With mortgage lending volume down, banks pivot to other products, services

PHOTO | CONTRIBUTED Michael Sheahan, executive vice president, chief lending officer at Chelsea Groton Bank.

Lower demand for residential mortgage loans and refinancings has prompted Connecticut banks to focus their efforts on other products and services — such as home equity and construction loans or even commercial lending — to weather the downturn.

“It’s a very cyclical business that you have to be willing to make adjustments in, based on volume,” said Christopher Gorman, CEO and chairman of KeyCorp, the Ohio-based parent company of KeyBank, which has a major presence in Connecticut. “And as it happens, a lot of people that are in the mortgage business go from being in the mortgage business, to not being in the mortgage business, to coming back to the mortgage business.”

John S. Carusone, president of the Hartford-based Bank Analysis Center, said the slow down in home sales has impacted large and small banks alike throughout Connecticut.

“Banks are on the sidelines finding ways to cope with a market they have very little control over, in the short term,” Carusone said. “Residential mortgage lending is a major banking product line.
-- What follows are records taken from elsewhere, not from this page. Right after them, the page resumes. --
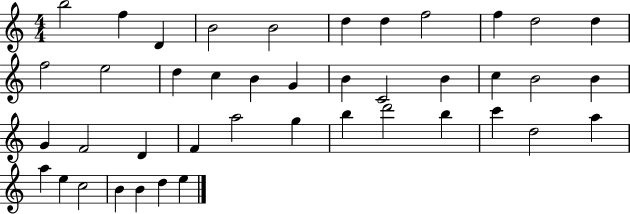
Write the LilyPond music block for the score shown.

{
  \clef treble
  \numericTimeSignature
  \time 4/4
  \key c \major
  b''2 f''4 d'4 | b'2 b'2 | d''4 d''4 f''2 | f''4 d''2 d''4 | \break f''2 e''2 | d''4 c''4 b'4 g'4 | b'4 c'2 b'4 | c''4 b'2 b'4 | \break g'4 f'2 d'4 | f'4 a''2 g''4 | b''4 d'''2 b''4 | c'''4 d''2 a''4 | \break a''4 e''4 c''2 | b'4 b'4 d''4 e''4 | \bar "|."
}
Depending on the future direction of the economy, the effect on mortgage lending could be significantly impacted, and hence affect the performance of banks.”

Higher interest rates and rising home prices have slowed the residential real estate market. For example, Gorman, in a recent interview with the Hartford Business Journal, said KeyBank, like all lenders, has seen refinance activity “completely dry up.”

However, new housing construction has made up for some of that lost business, bankers said, boosting construction loan demand.

In Connecticut, 2,981 new housing permits were issued during the first five months of this year, up 30% from the year-ago period, according to U.S. Census Bureau data. There were 1.4 million new U.S. residential construction housing starts in June 2023, which was down from a year earlier.

KeyBank has seen strong demand for affordable multifamily housing development, Gorman said, a major focus area for the bank.

Overall, Carusone said the banking industry is well capitalized and profitable, with strong reserves against loan losses.

However, if inflation and higher interest rates continue, it could mean a further slowdown in mortgage lending, reduced earnings and loan losses, which would force banks to redeploy or cut home loan staff, Carusone said.

Carusone said it may be premature for banks to trim mortgage staff right now, but many large lenders — including Wells Fargo, JPMorgan Chase and U.S. Bank — have already done so.

Bank pivots

Connecticut banks indicated they are focusing on other areas that are busy.

Windsor Federal, with $755 million in assets, has focused more of its attention on commercial lending, according to recently-appointed CEO Luke Kettles.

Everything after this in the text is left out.